11 Nov 2020 ยท min read

Passion Project or a Startup?

When I started work on Mocsh (https://www.mocsh.com), it was a work of passion.

It was supposed to solve a problem that I see in everyday life and help me, my family, and my loved ones take control of our financial life. I am a techie with the ability to automate workflows and build with my own hands.

Sharing it with the rest of the world was going to come later, and it would not have mattered much if anyone else used it or not.

This was the dream. This was the project.

Somewhere along the journey, I got sold on making it a startup with potential. To get there, other people got involved. Things I should have built and continued to improve got handed over to a team. They did a great job. They built something I could demonstrate and be proud of, something people loved.

Even after a few years, it still works flawlessly. Mocsh still lives. It is a great product. I use it every day. Active users are happy. But the plot was lost.

I did not build it in a stack I could continue to understand and evolve myself. The stack (Java/Spring Boot, Swift/iOS, Java/Android) turned out to be too wide for me to stay productive in, and I did not have the money to keep funding a team indefinitely.

I wonder if many ideas go down this track and then stall. Not every idea needs to be internet-scale or a growth project. Some ideas need to exist so more successful products can absorb what they validate. Sometimes by proving demand. Sometimes by building a small, strong community. Some may get acquired. Some may be rebuilt elsewhere. Some will die because they are no longer needed. Others will evolve and continue.
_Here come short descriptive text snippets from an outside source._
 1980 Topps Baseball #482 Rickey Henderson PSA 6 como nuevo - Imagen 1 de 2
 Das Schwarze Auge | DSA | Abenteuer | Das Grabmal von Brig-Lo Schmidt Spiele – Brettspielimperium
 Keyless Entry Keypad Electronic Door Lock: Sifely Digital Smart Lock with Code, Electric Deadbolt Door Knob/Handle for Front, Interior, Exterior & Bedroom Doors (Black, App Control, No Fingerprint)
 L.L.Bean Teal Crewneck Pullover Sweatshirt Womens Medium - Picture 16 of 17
Mocsh is one such idea. I believe no entity in the ecosystem is really interested in giving me the information I should receive; they prefer to provide information that supports their version of the story and creates lock-in around their business model.
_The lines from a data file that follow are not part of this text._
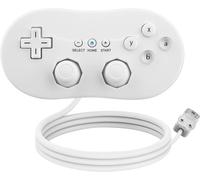 Shiliu-Manette De Jeu Classique Filaire Pour Nintendo Wii Remote Console Jeu Vidéo Couleur Blanc[268]
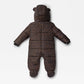 Finnsøn ANDERS Eco Snowsuit - Chocolate Leopard (With Feet)
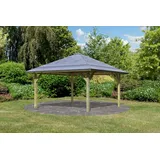 Karibu Pavillon »Kirn1«, (Set), BxTxH: 431x431x315 cm, mit H-Pfostenanker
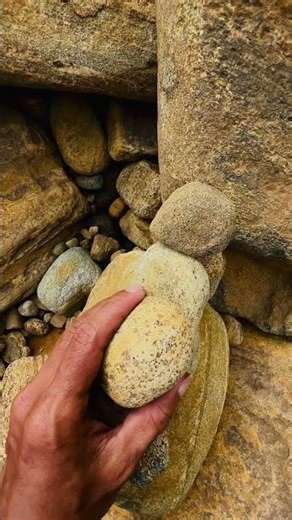 Perfect Stone Stacking Balance 🪨✨ | Satisfying Nature Art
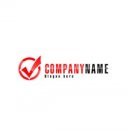 Red and Black check logo #1015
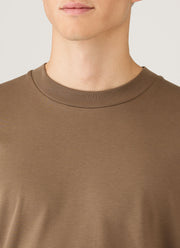 Men's Long Sleeve Heavyweight T-shirt in Dark Cedar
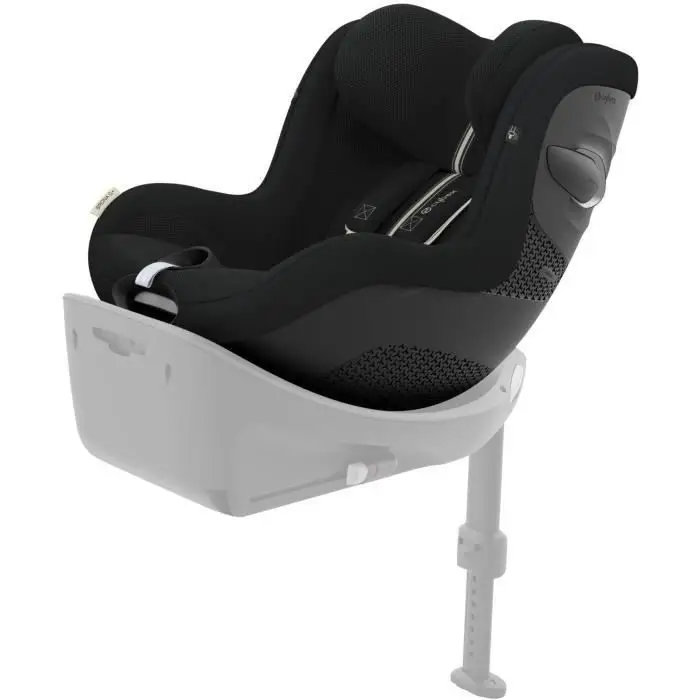 CYBEX Gold Κάθισμα-Αυτοκινήτου Sirona G i-Size Plus, Χωρίς Βάση, Από 3 μηνών έως περίπου 4 ετών (από τη γέννηση με το Μειωτήρα), Μέγ. 19 kg, 61-105 cm (από 40 cm με το Μειωτήρα), Moon Black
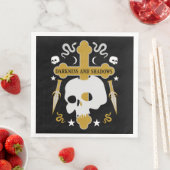 Goths Skull und Cross Gothic's Serviette (Beispiel)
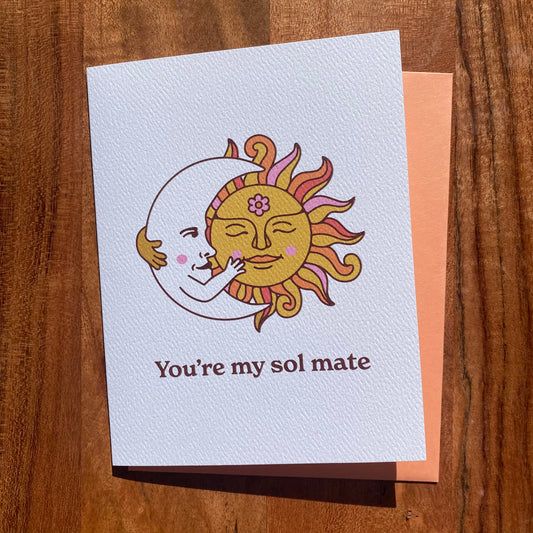 Sol Mates Love Card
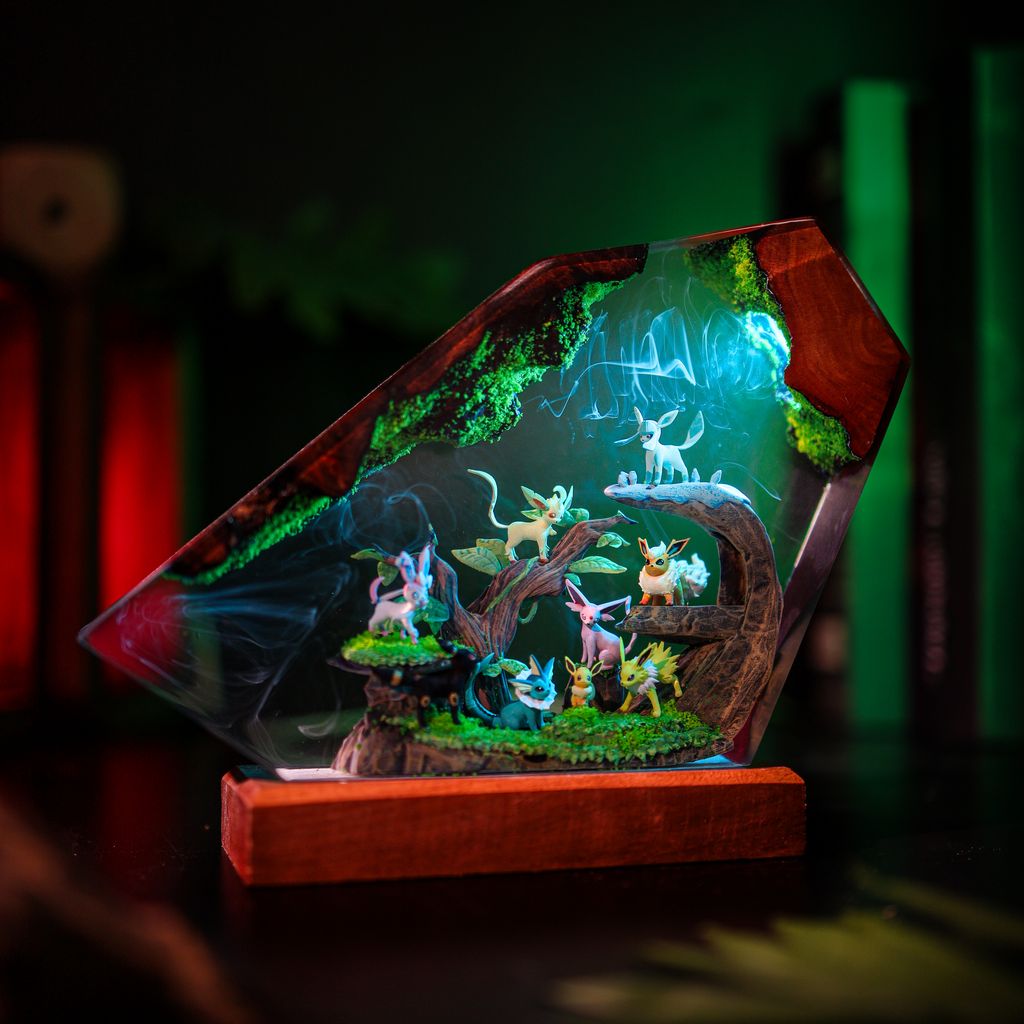 Eevee Evolution Family Pokémon Lamp 2 Eevee Evolution Family Pokémon Night Light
Mocsh is not, and never was, about building a profitable business. It is about an idea, a passion. And with every passing day, when I speak with people about personal finance, I see the gap growing larger than it was when this idea was first seeded over 20 years ago.

So I am committing to myself, the users, and the team that built it. I will move the tech to something I can learn and build on. I will bring the idea back to life, so you as a user can be proud of it. I have a plan.

If you want to know more, connect with me and I will be thrilled to explain it.

I need your help to keep me accountable and honest. Ask me questions. Tell me if you think I am going astray. Keep me focused. Tell me what you want from the tool so I do not go down the track of thinking I already know what users need.

Thank you for staying with me. Thank you for being a well-wisher. I value and respect your attention and association.